**TRY IT**
Print the lines that start the entries and continue through the one holding "We've got weight", please, exactly and with the pictures omitted.

**Stored items from a collection**
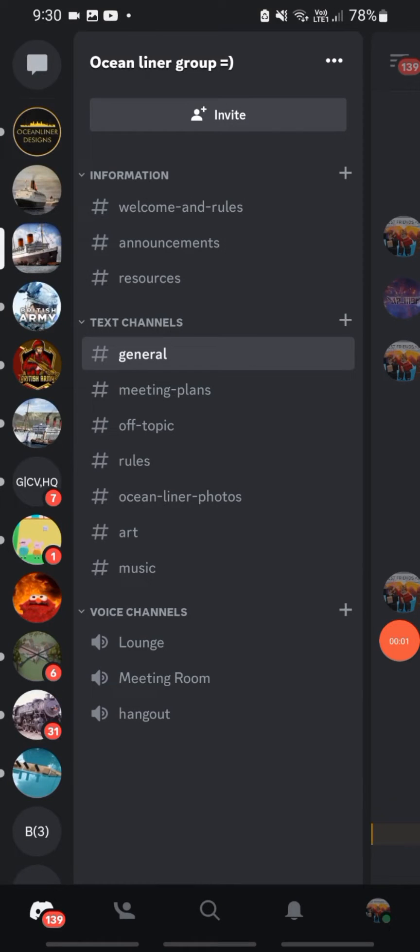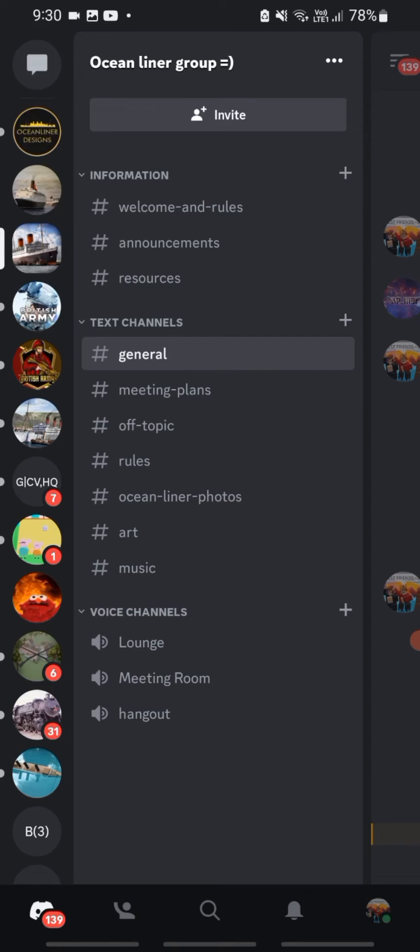Hello everybody, welcome back to another video. As you all have read the title, yes, this is a new Discord server that I've made for this channel.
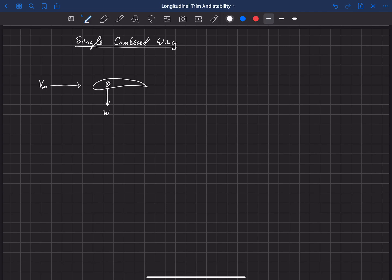We've got weight acting down. We also have an aerodynamic center — we usually put the aerodynamic forces acting at the aerodynamic center. So we've got lift that's being produced, there's drag, and also a pitching moment about the aerodynamic center.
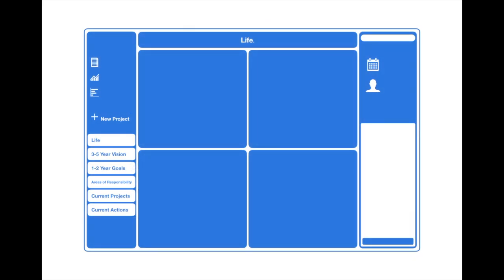As you can see in this Priority Matrix schema here, you can use the six level model in Priority Matrix by creating six separate projects. As you can see on the left, we've got the life project, the three to five year vision project, one to two year goals, areas of responsibility, current projects, and then current actions. You can easily create a four quadrant project that covers each of these areas and jump in and out of each one as you try to accomplish everything you need to do using the GTD methodology.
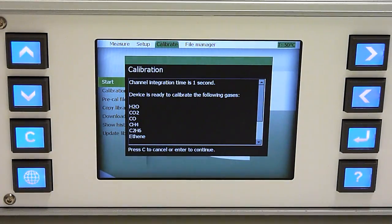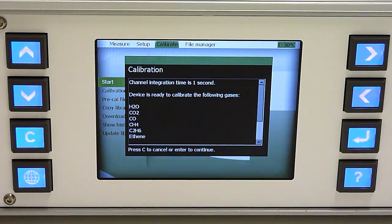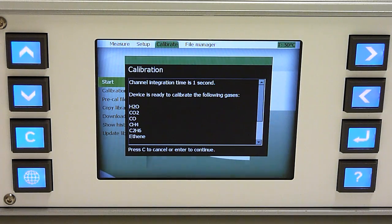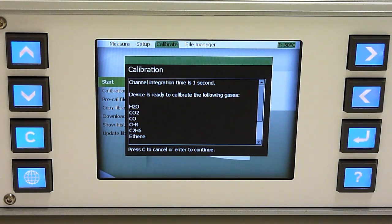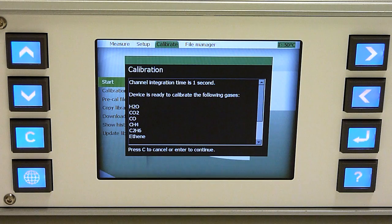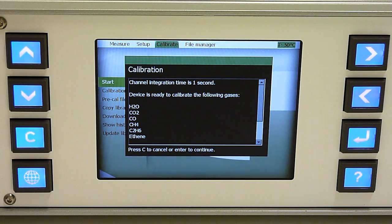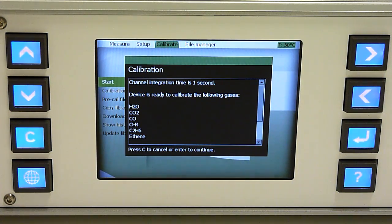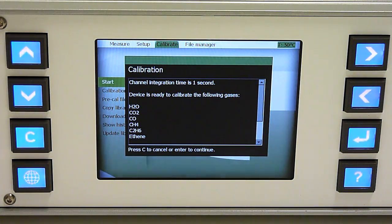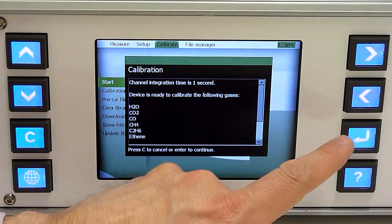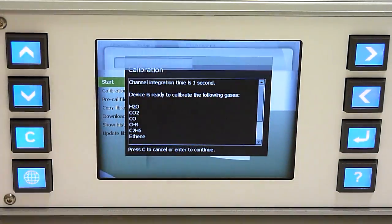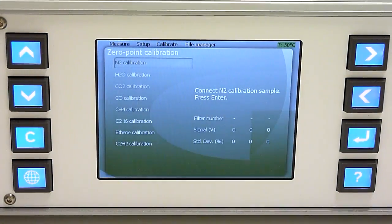If you start your calibration task, the instrument first shows you which gases can be calibrated, meaning which gases you have filters for and you have the pre-calibration files. If you proceed, you have an option to calibrate the background or any of the other gases.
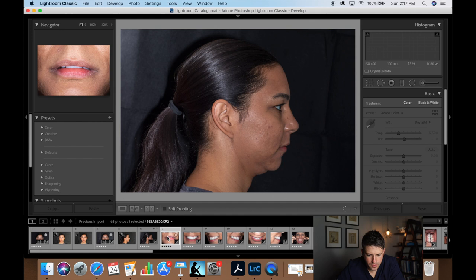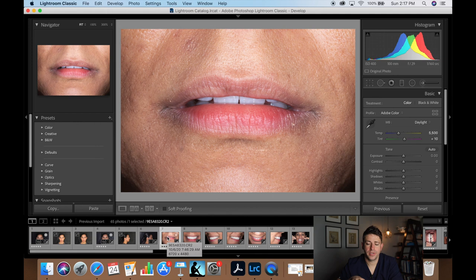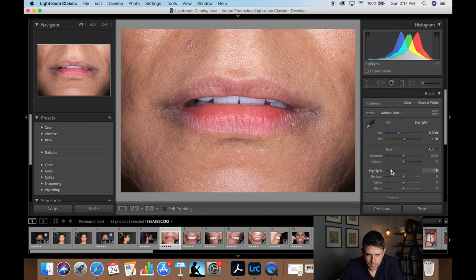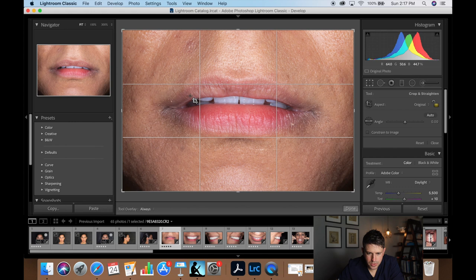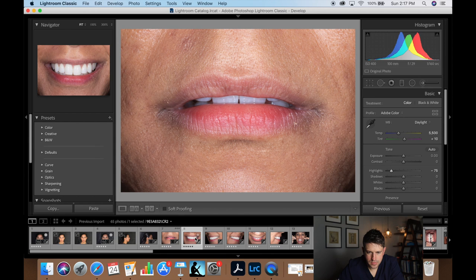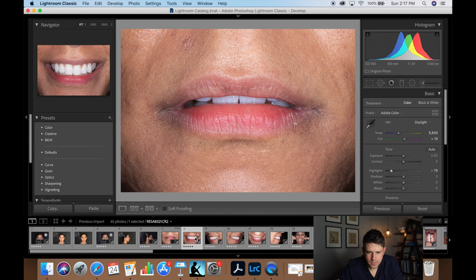Now let's move to the up-close extra-oral images. If you get the composition right on these you really don't have to crop much. The highlights are a little too much so we'll dial those back. As far as cropping, I want to make sure the commissures are level — it looks like there's a slight cant — so I'm going to level up her lips just a little bit.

**SOLUTION TO THE PROBLEM**
Hello everybody, welcome back to another video. As you all have read the title, yes, this is a new Discord server that I've made for this channel.
We've got weight acting down. We also have an aerodynamic center — we usually put the aerodynamic forces acting at the aerodynamic center. So we've got lift that's being produced, there's drag, and also a pitching moment about the aerodynamic center.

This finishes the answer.